No Atheists in Foxholes, No Libertarians in Financial Crises:

This is the line that Paul Krugman uttered the other night to some great yucks from the Bill Maher crowd.

Not really an original thought for Krugman — see Jeff Frankel’s remarks from last July.

Krugman in typical fashion communicates his point in a smug fashion and implies that only someone completely bonkers would maintain a libertarian stance.  But the reason we are in this mess to begin with is because we weren’t bonkers enough to pursue libertarian economic policies.  Instead, statist intervention in financial markets has been pursued for decades.  Government policies that privatized profits, but socialized losses; easy credit monetary policy; regulations which favored some groups at the expense of others, etc. all created our current mess.  NOT free markets, and only free markets will permit the adjustments to economic realities that are required to get the market economy back on-track.
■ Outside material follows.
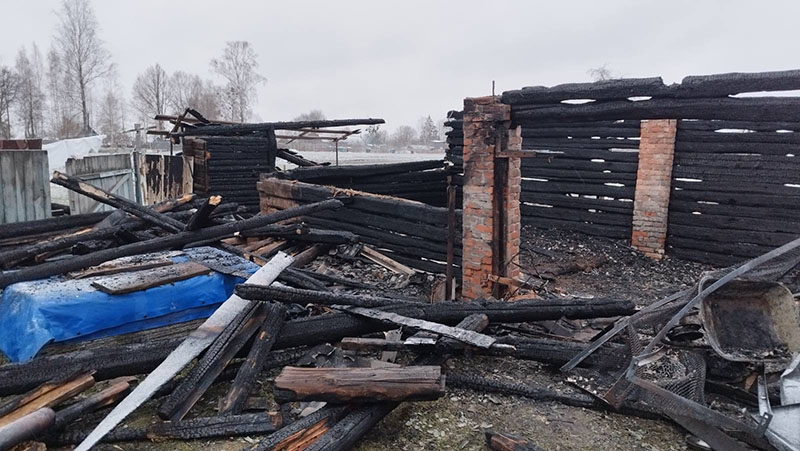 Рогачевский район. В Озеранах сгорела хозпостройка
I don’t know about atheists in foxholes, but I do know that only economic libertarianism can get us out of the mess of political capitalism we are currently in.  To argue otherwise, as Krugman and his crowd do, not only belies a fundamental lack of economic understanding, but an innocence of public choice.

Not Buying It – The Current

What’s clear is that a bunch of financial institutions have made mistakes and lost money. What’s unclear is why anyone (other than the owners and managers) should care. People make mistakes and lose money all the time. Restaurants fail, grocery stores fail, gas stations fail. People pick the wrong stocks, they buy the wrong cars, and they marry the wrong spouses without turning to the Treasury for bailouts.

Fannie Mae Eases Credit To Aid Mortgage Lending – New York Times:

Fannie Mae, the nation’s biggest underwriter of home mortgages, has been under increasing pressure from the Clinton Administration to expand mortgage loans among low and moderate income people and felt pressure from stock holders to maintain its phenomenal growth in profits.
[…]
Fannie Mae is taking on significantly more risk, which may not pose any difficulties during flush economic times. But the government-subsidized corporation may run into trouble in an economic downturn, prompting a government rescue similar to that of the savings and loan industry in the 1980’s.

hat tip Cafe Hayek

Capitalists, Capitalism, and the Siren’s Song of Stability:

The desire for stability and predictability has been the calling card of dirigisme regimes since the dawn of capitalism, whether they called themselves “socialist”, “fascist”, or just plain “interventionist.” It is but a thinly disguised power grab by those who own the means of production, and who will profit at our expense, rather than profiting by serving us better. “Stability” is a siren song that we must do our best to ignore, lest we enable them make an even bigger mess than they already have.